“I’m not making art, I’m making sushi.” – Masaharu Morimoto
Sushi Hotaru may be well hidden inside Bourke St’s Midcity Arcade – but it is far from unknown. This was actually my second voyage to Sushi Hotaru but the first time I had actually managed to get to the front of the endless line that is present all times of the day.
Sushi Hotaru’s train spans an impressive length, filled with freshly made plates for a meagre $3. Such high quality sushi and low prices were something I had imagined only existed in Japan. And as with everything quintessentially Japanese, the whole ordering process bypasses human interaction with flawless efficiency.
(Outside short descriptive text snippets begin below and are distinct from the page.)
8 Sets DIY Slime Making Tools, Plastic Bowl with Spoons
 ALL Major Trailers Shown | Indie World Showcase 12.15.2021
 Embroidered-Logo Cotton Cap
At Sushi Hotaru you are invited to order dishes from the I-Pad in front of you, with a range of udon and hot dishes on offer, as well as sashimi, nigiri and sushi hand rolls. The ability to order fresh ginger and condiments is also a welcoming touch.
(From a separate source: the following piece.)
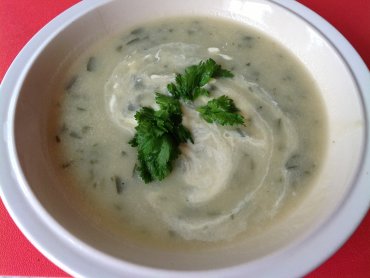 Zdjęcie potrawy Zupa z lubczyku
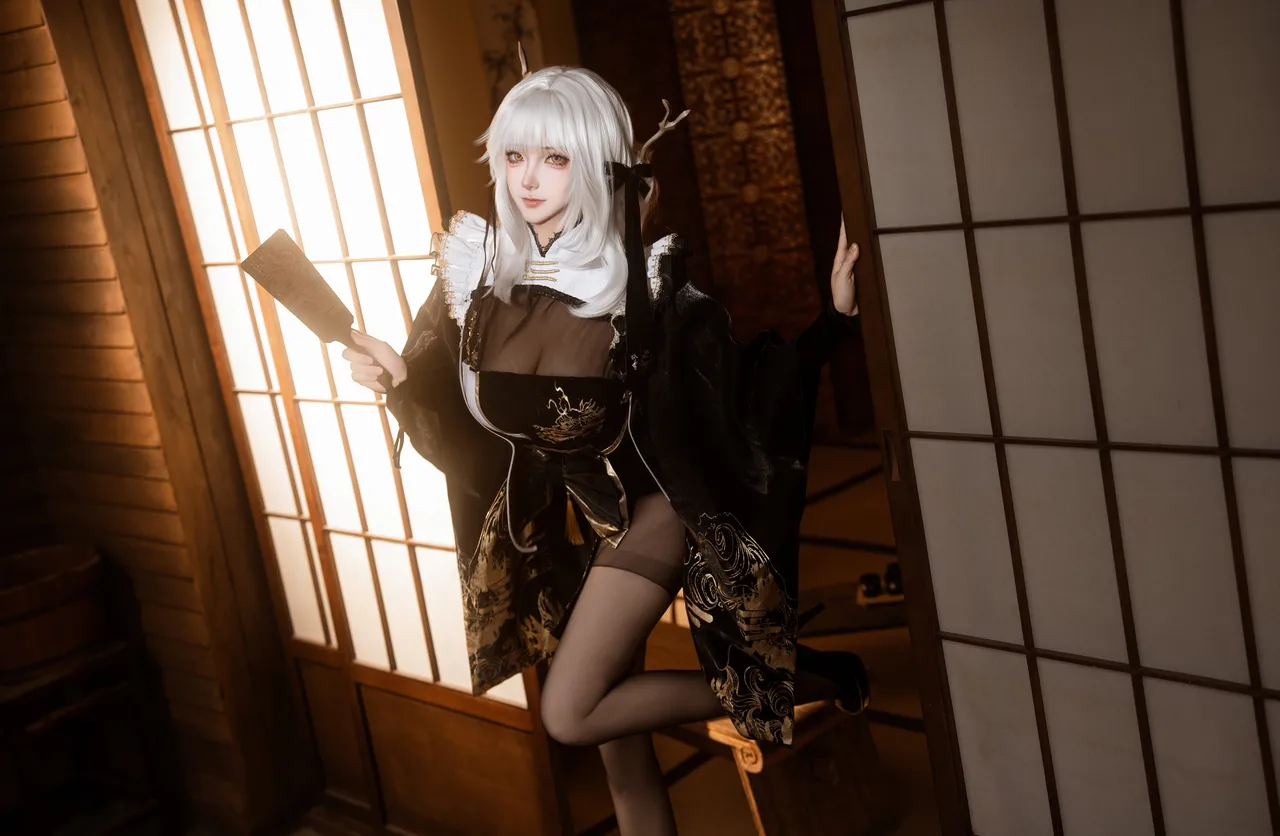 【狮砸seya】 Nikke布兰儿和服 nikke 【狮砸seya】 Nikke布兰儿和服 nikke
We sat adjacent to the sushi assembly cabinet, surrounded by bright, fresh slices of sashimi, crab sticks and egg rolls. Watching the staff expertly weave and slice sushi in front of you is very much part of the vibe of Sushi Hotaru.
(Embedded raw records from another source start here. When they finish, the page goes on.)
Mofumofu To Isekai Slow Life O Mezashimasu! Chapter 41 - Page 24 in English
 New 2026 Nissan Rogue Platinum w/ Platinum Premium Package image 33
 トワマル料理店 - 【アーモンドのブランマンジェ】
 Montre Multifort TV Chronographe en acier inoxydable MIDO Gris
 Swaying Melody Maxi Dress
The chicken karaage roll was a special for the day. Deliciously crispy fried chicken protruded from the rolls and it was difficult not to grab 2 or 3 more of this moreish plate.
Smoky, lightly flame-torched, salmon draped on tightly rolled roll containing cream cheese and crisp, refreshing cucumber.
The bright red tuna was supple and the salty bursts of the tiny black roe made each mouthful beautifully balanced. The rice was sticky and slightly vinegar – just as it should be.
The soft agedashi tofu gently swam in the sweet miso broth. The soft shell crab offered a crispy bite size pieces of perfectly deep fried crap. This dish was the highlight of our sushi-train commute.
The scallop nigiri was lusciously juicy and plump, with a subtle creamy taste to follow.
The only demise in our quest to devour all of the sushi was the mackerel which was on the rubbery side and compared to the previous nigiri, notably subdued in flavour. This chewy texture, however, is to be expected with mackerel and is not a reflection on Sushi Hotaru.
For dessert, I was too full but J persisted and nabbed a black sesame mousse from the belt. Creamy, light and soft, the sesame mousse rounded off the meal.
Sushi Hotaru is the best, among the few remaining, sushi trains in Melbourne’s CBD. The line is well worth braving if you’re seeking a exemplary Japanese sushi train experience and is value for money. The two of us left quite full for only $38 including drinks and a single dessert. My tip is to visit early on the weekends, around 11.30am, if you wish to skip the queue.